In diesen Sammelstellen der Vergesslichkeit findet sich so mancher Gegenstand, der eine interessante Geschichte erzählen kann. Fehlgeleitetes Gepäck landet hier beispielsweise, aber auch der verlorene Teddybär oder die im Dutyfreeshop erstandenen und an der Kasse liegen gelassenen Parfumflakons. Vor allem Koffer bergen häufig Skurrilitäten, denen man auf die Spur kommt, wenn man sie öffnet. Dies wird dann getan, wenn ein Gepäckstück nicht reklamiert wird oder nicht eindeutig einem Passagier zu zuordnen ist – dann versucht man, im Koffer bestimmte Gegenstände zu finden, die den Besitzer identifizieren können. Manchmal scheint es dann, als ob diese Koffer absichtlich “verloren” wurden, aus welchen Gründen auch immer: hat der untreue Ehemann die Befürchtung, in seinem Koffer befänden sich prekäre Kleidungsstücke, die auf seine Liebelei während der Geschäftsreise hinweisen? Möchte sich jemand ungeliebter Geschenke entledigen, die einem die Eltern zum Abschied in den Koffer gelegt haben? Welches Schicksal mag den Besitzer des Koffers ereilt haben, in dem sich elegante und teure Kleidung befindet? Warum fordert er dieses Gepäckstück nicht zurück? Der Fantasie sind keine Grenzen gesetzt, wenn es darum geht, die Geschichte eines Koffers nach zu vollziehen, der in den Katakomben einen falschen Abzweig genommen hat und oft nach langer Reise im Fundbüro landet.

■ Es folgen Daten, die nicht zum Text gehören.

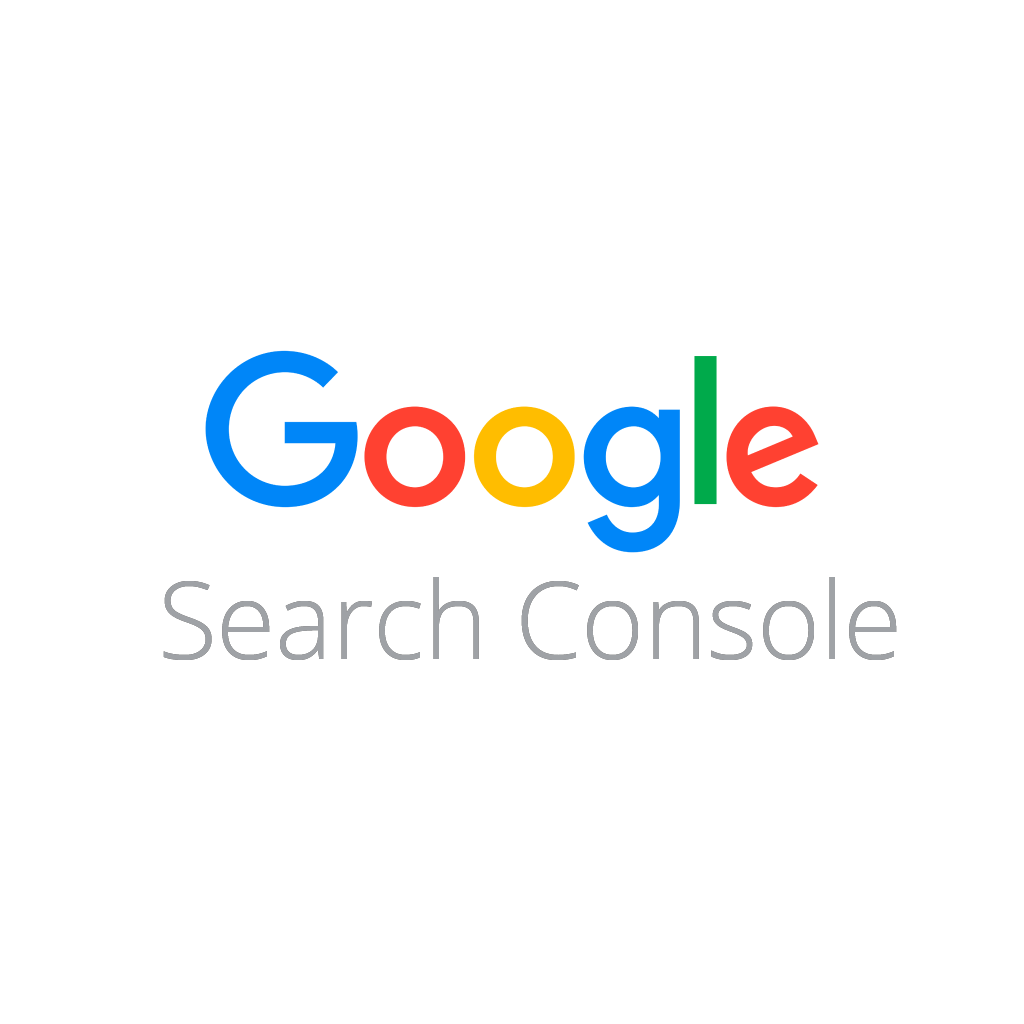 Google Search Console – monitors search performance and technical SEO health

Schade eigentlich, dass man, um hinter die Check-In-Barriere eines Flughafens zu gelangen, ein Ticket haben muss – es könnte ein angenehmer und spannender Zeitvertreib sein, mal einen ganzen Tag das Treiben zu beobachten, ohne verschlafen auf einen Anschlussflug zu warten oder sich zu ärgern, weil der Flug Verspätung hat. Sollte Ihnen dies einmal passieren – nehmen Sie es doch einfach gelassen und beobachten Sie das bunte Treiben auf diesem Treffpunkt der Kulturen!